**INSTRUCTIONS FOR THE TASK**
Without changing a word, copy every line of the listing below and leave out the images.

**DATASET SECTION**
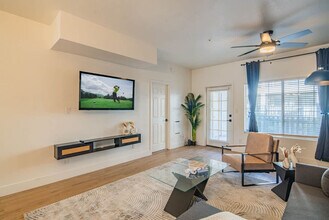 7900 E Princess Dr in Scottsdale, AZ - Building Photo - Building Photo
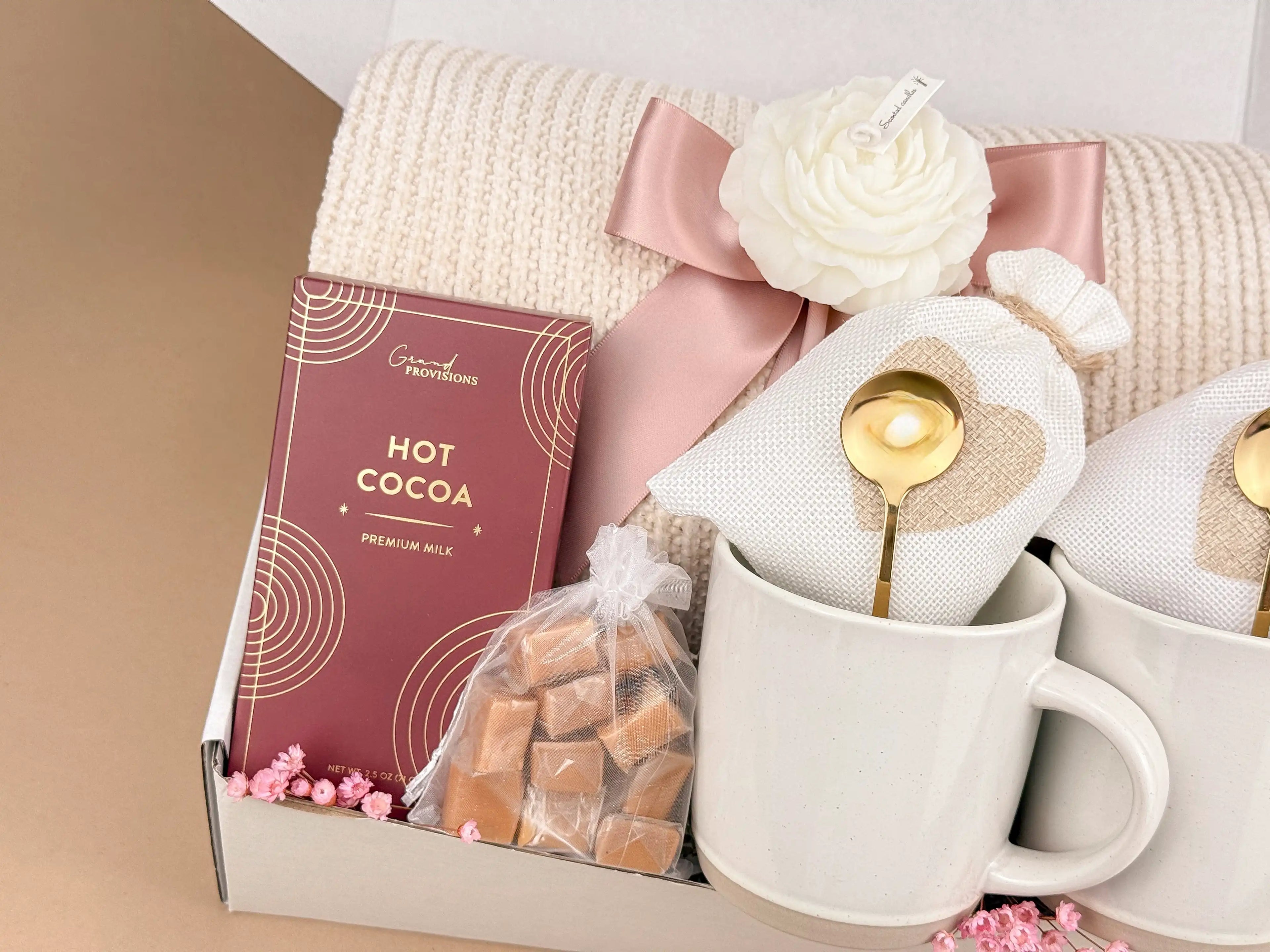 Housewarming Gift Box with Blanket and Candle – New Home Set
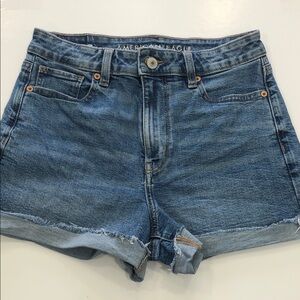 🦅American Eagle Mom Jean Shorts | Women’s Size 2 | Rolled Hem Denim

**RESULT FOR THIS EXERCISE**
 7900 E Princess Dr in Scottsdale, AZ - Building Photo - Building Photo
 Housewarming Gift Box with Blanket and Candle – New Home Set
 🦅American Eagle Mom Jean Shorts | Women’s Size 2 | Rolled Hem Denim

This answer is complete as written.